7 minute read
DIGITAL INFRASTRUCTURE: THE INFRASTRUCTURE OF THE FUTURE
by Dr Ian Oppermann, NSW Government Chief Data Scientist and Industry Professor at University of Technology Sydney
With recent changes to how people live and work due to the COVID-19 pandemic, the move away from physical assets and towards cloud-based infrastructure is more significant than ever. Here Dr Oppermann explores a future world that is more digital and connected, and the impact of smart infrastructure, digital twins, and data privacy and security.
Many governments around the world have set smart city goals and funded pilot projects, but the reality is that little progress has been made in many countries. Challenges to these goals include the diversity of stakeholder interests, the complexity of coordinating planning/ construction/operation across stakeholders, and importantly, the lack of comprehensive digital twins of physical environments, and the lack of clear, data-driven outcomes frameworks.
Digital twins offer the potential to plan, model and optimise during all phases of smart infrastructure lifecycle and use. Outcomes frameworks allow the goals of smart cities to be described and measured. Smart cities are ultimately dependent on data-driven frameworks, indicators and models gathered from those who use the places and infrastructure of cities. Use of peoplecentric data needed to measure, model and analyse smart cities creates the final major hurdle in the form of privacy. All of these challenges must be addressed to make real progress in smart cities.

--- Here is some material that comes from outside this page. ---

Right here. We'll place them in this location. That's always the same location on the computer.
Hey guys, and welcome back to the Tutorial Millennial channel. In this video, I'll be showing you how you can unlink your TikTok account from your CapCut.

COVID ACCELERATING DIGITAL
Over dinner at an appropriately socially distanced hotel restaurant recently, I watched background footage of the foundations of Canberra being laid out and the growth of the city over the course of the 20th Century. It was stunningly old fashioned. Everything about the pomp and ceremony, the construction process, people learning to use these roundabout things was worthy of documentary. We are now much more digital, more connected and more online. We are living in the future.
The COVID-19 pandemic has taught us just how much of that last sentence is true. We rapidly jumped online rather than drive to work or drop the kids at school. We grappled with congested telecoms networks rather than congested roads. We switched between Teams, Zoom, Skype and Webex in seconds rather than fly between Sydney, Melbourne, Brisbane or Canberra for the day. We discovered some bottlenecks, but we largely went online and digital.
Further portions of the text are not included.